Du Maurier: A Lament
- Cigarettes Are Sublime by Richard Klein
Duke, 210 pp, £19.95, February 1994, ISBN 0 8223 1401 0
Last year a BBC documentary about the war in Bosnia showed the town of Travnik besieged by Bosnian Serbs. Conditions in the town were dismal; hunger and fortitude were the order of the day. The programme was watched by 1.8 million viewers, none more attentive than a Mrs Willis of Bath, who wrote to the broadcasters complaining about the amount of smoking in the programme. She wanted to know why the inhabitants of a dying town could only discuss their problems in a cloud of smoke.
Richard Klein, Professor of French at Cornell, could supply Mrs Willis with a number of answers, one of them being that, in wartime, smoking keeps up ‘courage and endurance in the face of intolerably stressful circumstances’, not only because of its physiological effects – a burst of ‘discomfort’ followed by ‘a marked feeling of release and relief’ – but because, Klein argues, cigarettes are a palpable trace of the ordinary life that has vanished under arms: ‘they are the most important thing to a soldier ... all that remains of civility when war has blasted away the imprints of a liberal education.’ These are lofty thoughts to set before the anti-smoking lobby, which likes to lay down the law much sooner than debate it.

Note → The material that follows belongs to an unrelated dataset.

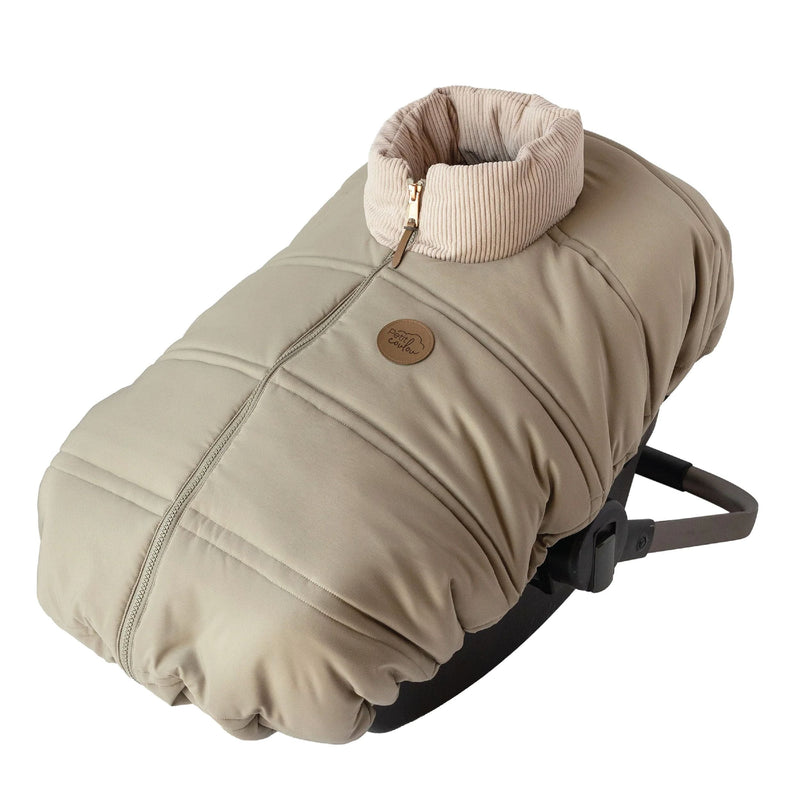 Coulou Lightweight Baby Car Seat Cover, Mid Season (-5°C to 15°C), Lichen X5C8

Klein’s study is largely about cigarettes in the context of creative work and the imagination: a cultural history of the gasper, in cinema, poetry, fiction, on stage or as an adjunct to philosophy – and also in the lives of those who have smoked as they thought and rethought the world, or imagined themselves to be doing so.
A book of this kind, full of ironies and elaborate conceits, requires patience from its readers, and a sympathetic exercise of fancy, both of which are rare among modern anti-smokers. Adherents of the present vogue have some remarkable antecedents, among them Louis XIV, Napoleon and Hitler, for whom anti-smoking was merely a sideline. Contemporary anti-smokers, though they may sometimes seem equally despotic by temperament, have a more limited area of concern: their own bodies – and in some cases, those of their nearest and dearest. From this tender little shrine, however, it is a stone’s throw to the cathedral of ‘personal space’, with its ornate sense of grievance, and on from there to Bath and Mrs Willis – or, in Klein’s view, back to Salem, Massachusetts: ‘It is no easy task to praise cigarettes at this time in America. We are in the midst of one of those periodic moments of repression, when the culture, descended from Puritans, imposes its hysterical visions and enforces its guilty constraints on society, legislating moral judgments under the guise of public health, all the while enlarging the power of surveillance and the reach of censorship to achieve a general restriction of freedom.’
The language is too hyped up for the charge to stick. The ‘right’ to smoke, after all, is a minor freedom, and those who defend it can make fools or fusspots of themselves as quickly as the opposition. For Klein, this is a rare lapse. Until the end of his book, he refrains from scaling the great molehills of the smoking debate, although he alludes to the problem of why prosperous and active cultures, mainly Anglo-Saxon, are given to behaving with a valetudinarian self-regard, which he calls ‘healthism’ and which, in America, has sought to ‘make longevity the principal measure of a good life’. ‘To be a survivor,’ Klein notes, ‘is to acquire moral distinction.’ Few people would say they wanted to die young, but in England, at least, tobacco addicts have a knack for smoking out the contradictions in the enemy camp. Smokers soon learn to distinguish the most prevalent form of anti-tabagisme, the ‘me-and-my-body’ school, from the campaigning kind, which is alert to a public-health issue. They also know when the first is masquerading as the second, which only confirms them in their own hypocrisies – conceiving the ruin of their health as an act of courage, to take one example.
To Klein, who believes that no modern society has managed to get along without tobacco, a catalogue of intolerance on both sides is of no great interest. His business is the rehabilitation of the cigarette as a valuable, ubiquitous little marker that has glowed proudly at many points in the last hundred and fifty years of Western culture. ‘It is the premise of this book,’ he writes, ‘that cigarettes, though harmful to health, are a great and beautiful civilising tool and one of America’s proudest contributions to the world.’ We learn early on that Klein was once a committed smoker. ‘Writing this book in praise of cigarettes was the strategy I devised for stopping smoking, which I have – definitively; it is therefore both an ode and an elegy to cigarettes.’ As such, it works well: so well in fact that few smokers or ex-smokers will be able to read it without their own homage to tobacco taking shape and drawing alongside.